__TASK DETAILS__.
What you give back should be exactly the lines from the one with "Sunshade for Ford" through the final line of the material, pictures removed; please add nothing.

__PROVIDED DATA__.

+++

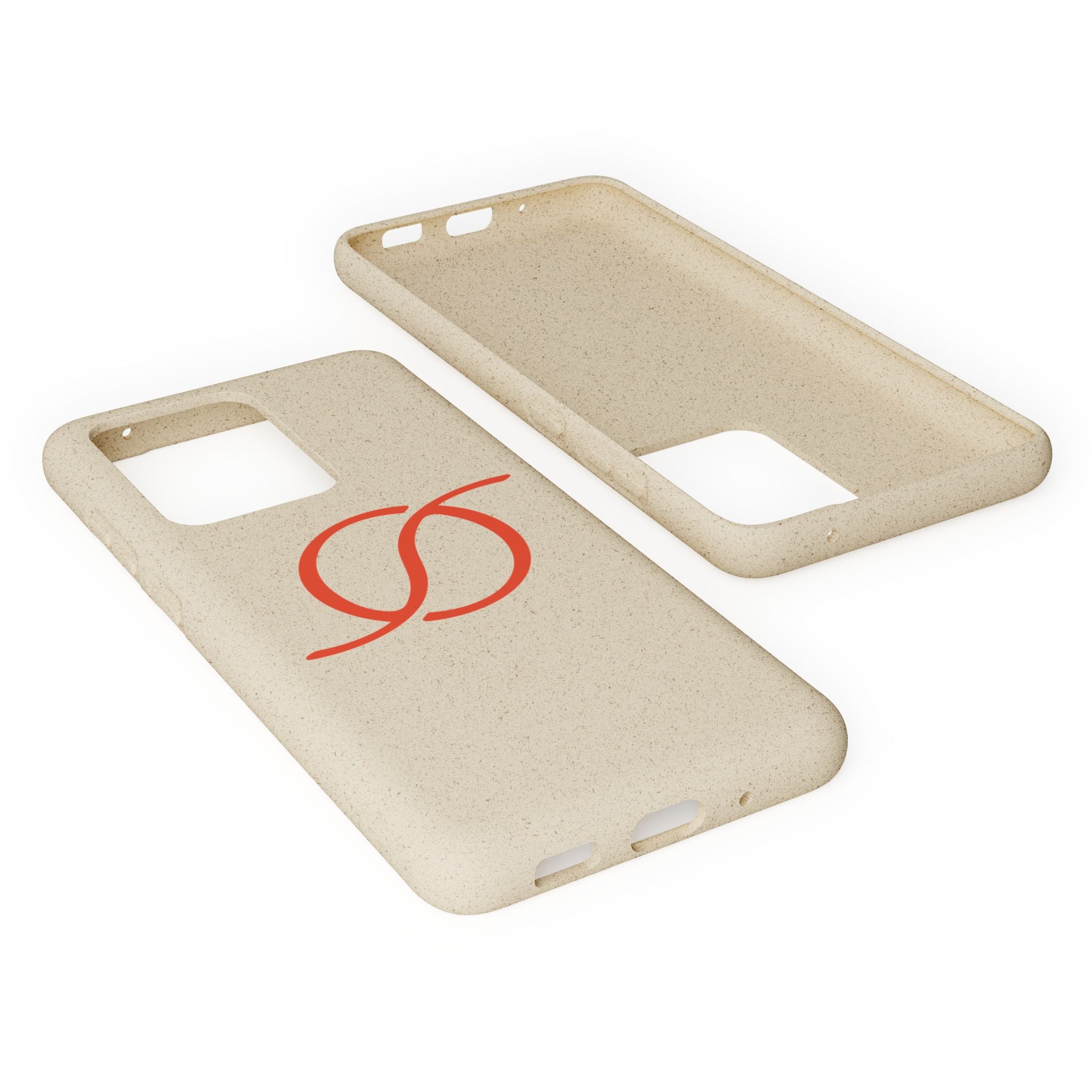Eco-Friendly Biodegradable Phone Case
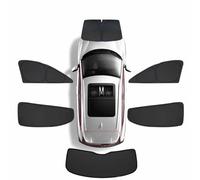 Sunshade for Ford Mustang Mach-E Import Version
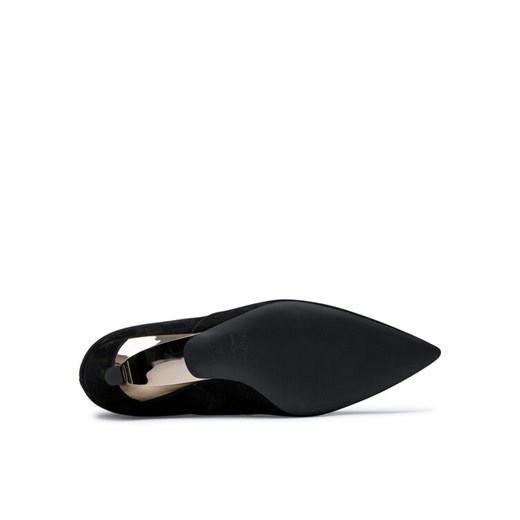 Furla Botki Code YC68FCD-C10000-O6000-9-032-20-IT-3600 S Czarny Furla 38 MODIVO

+++

__RESPONSE TO THE TASK__.
 Sunshade for Ford Mustang Mach-E Import Version
 Furla Botki Code YC68FCD-C10000-O6000-9-032-20-IT-3600 S Czarny Furla 38 MODIVO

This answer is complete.